One aspect of the story is the fee disparity, which is greater than most people anticipate. The administration fees, mortality charges, and sales commissions associated with annuities can add up to 2 or 3 percent of total expenses per year. These costs are sometimes stacked on top of one another.
The expense ratio of an ETF such as the Schwab US Dividend Equity ETF (SCHD) is almost nothing. That difference adds up to a truly significant amount in a retirement portfolio designed to last for 20 or 30 years. If those expenses were presented in a single, unambiguous line instead of spread across a dozen distinct disclosure sections that take a legal degree to understand, it’s feasible that some annuity buyers might make alternative choices.
Another layer is added by taxes. When annuity payments arrive, they are taxed as ordinary income, which means they are included in your tax rate along with wages and Social Security. ETF distributions are frequently regarded as qualifying dividends or long-term capital gains, both of which have reduced rates, depending on how they are structured and whether they are maintained in a taxable account.

That difference can be several thousand dollars annually that a retiree in a moderate bracket keeps instead of paying the IRS. Perhaps because it detracts from the annuity’s attractiveness, it is the kind of detail that is left out of the hotel seminar.
The issue of liquidity is important as well, and it often surprises people when they have unforeseen financial needs. If a person needs their principle returned early, deferred annuities usually incur surrender charges, which can be as high as 7 or 8 percent in the early years. Any trading day, an ETF may be sold at market value without incurring any penalties.

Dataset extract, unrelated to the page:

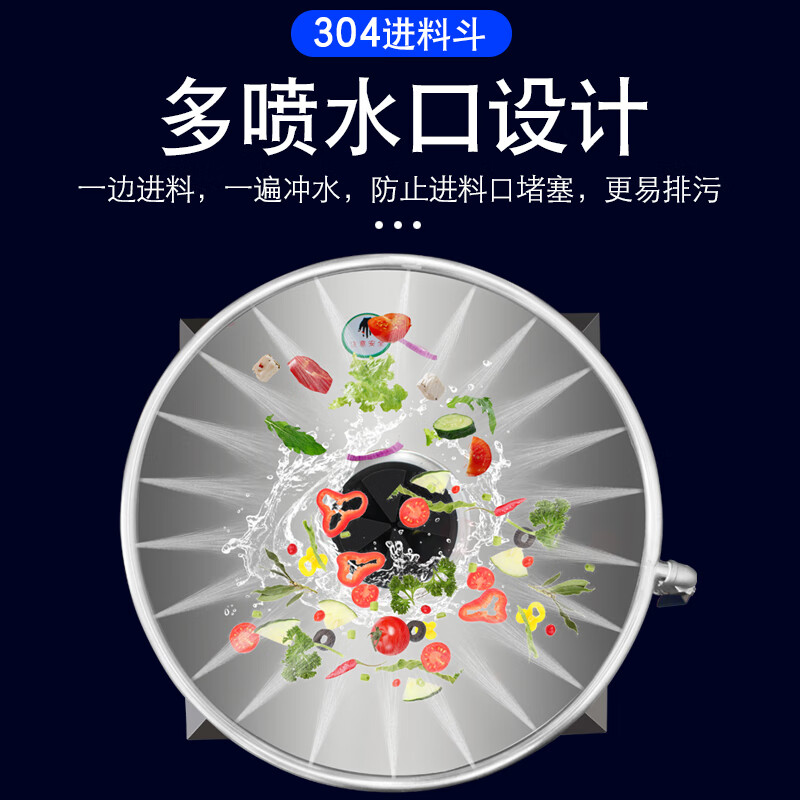 YWZR large kitchen waste disposer commercial crusher kitchen swill disposer hotel wet garbage disposer garbage disposer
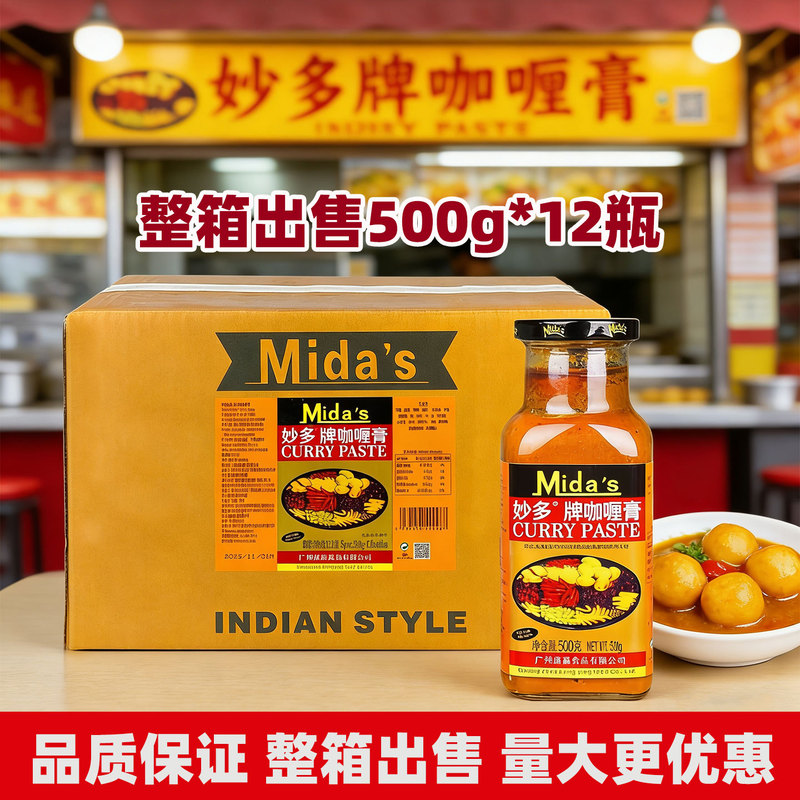 Midas Curry Paste 500g*12 Bottles Whole Box Indian-Style Oil Curry Fish Curry Curry Rice Curry Sauce Curry Crab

This flexibility, which is difficult to measure but very easy to feel when you need it, has genuine value for retirees who appreciate being able to respond to a roof replacement or a medical bill without haggling with an insurance company.
It’s difficult to ignore the fact that retirees’ preference for ETFs closely corresponds with the emergence of low-cost brokerage platforms and the broader democratization of financial knowledge. The majority of the information was kept by the annuity salesperson in the hotel conference room a generation ago.
That difference has gotten much smaller. Retirees are making their own estimates, analyzing expense ratios, and comparing yields; some of them are coming to conclusions that the insurance business would rather they didn’t. For those who are truly unable to withstand market volatility, the guaranteed income annuity delivers is significant. However, the ETF argument is more difficult to reject than it always was for people who can accept some fluctuation in their monthly income.